I am writing this blog post because, as most of us have discovered, using logging is not quite as straightforward as we were led to believe. In particular you might find yourself in the situation where you feel you have set up your logging yet when you run your code nothing appears in your terminal window. Print doesn’t do this to you!

Loggers are arranged in a hierarchy. Loggers have handlers which are the things that cause a log to generate output to a device. If no log is specified then a default log called the root log is used. A logger has a name and the hierarchy is defined by the dots in the name, all the way “up” to the root logger. Any logger can have a handler attached to it, if no handler is attached then any log message is passed to the parent logger.

A log record has a message (the thing you would have printed) and a “level” which indicates the severity of the message these are specified by integers for which the logging module provides convenient labels. The levels in order of severity are logging.DEBUG, logging.INFO, logging.WARNING, logging.ERROR, logging.CRITICAL. A log handler will output a message if the level of the message is equal to or more than the level it has been set to.
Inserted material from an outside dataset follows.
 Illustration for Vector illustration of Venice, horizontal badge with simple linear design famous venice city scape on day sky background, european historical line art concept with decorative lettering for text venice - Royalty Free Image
So a handler set to WARNING will show messages at the WARNING, ERROR and CRITICAL levels but not the INFO and DEBUG levels.
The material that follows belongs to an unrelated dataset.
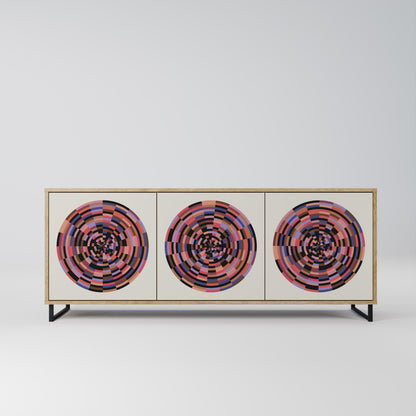 BROWN CIRCLES 3-Door Sideboard in Oak Effect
The simplest way to use the logging module is to import the library:

import logging

Then carry out some minimal configuration,

logging.basicConfig(level=logging.INFO)

and then put logging.info statements in our code, just as we would have done with print statements:

logging.info("This is a log message that takes a parameter = {}".format(a_parameter_value))

logging.debug, logging.warning, logging.error and logging.critical are used to publish log messages with different levels of severity. These are all convenience methods which remove the need to explicitly give the level as found in the logging.log function:

logging.log(logging.INFO, "This is a log message")
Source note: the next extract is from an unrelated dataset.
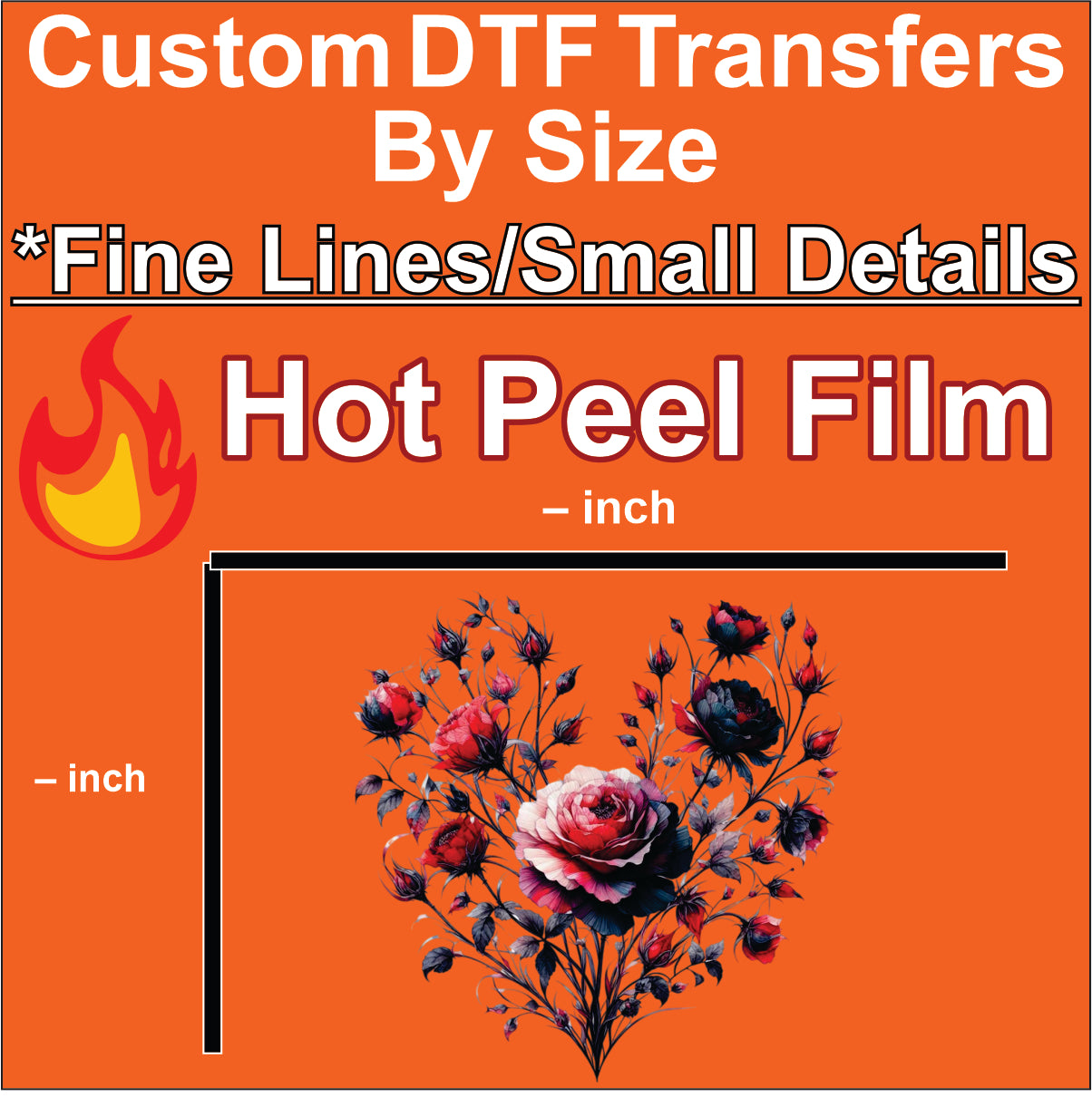 Hot Peel - Custom DTF Transfers By Size *Fine Lines/Small Details*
If we are writing a module, or other code that we anticipate others importing and running then we should create a logger using logging.getLogger(__name__) but leave configuring it to the caller. In this instance we use the name of the logger we have created instead of the module level “logging”. So to publish a message we would do:

logger = logging.getLogger(__name__)
logger.info("Hello")

In the module importing this library you would do something like:

import some_library
logging.basicConfig(level=logging.INFO)
# if you wanted to tweak the levels of another logger 
logger = logging.getLogger("some other logger")
logger.setLevel(logging.DEBUG)

basicConfig() configures the root logger which is where all messages end up in the absence of any other handler. The behaviour of logging.basicConfig() is downright obstructive at times. The core of the problem is that it can only be invoked once in a session, any future invocations are ignored. Worse than this it can be invoked implicitly. So if for example you do:

import logging
logging.warning("Hello")

You’ll see a message because secretly logging has effectively run logging.basicConfig(level=logging.WARNING) for you (or something similar). This means that if you were to then naively go ahead and run basicConfig yourself:

logging.basicConfig(level=logging.INFO)

You would see no message when you subsequently ran logging.info(“Hello”) because the “second” invocation of logging.basicConfig is ignored.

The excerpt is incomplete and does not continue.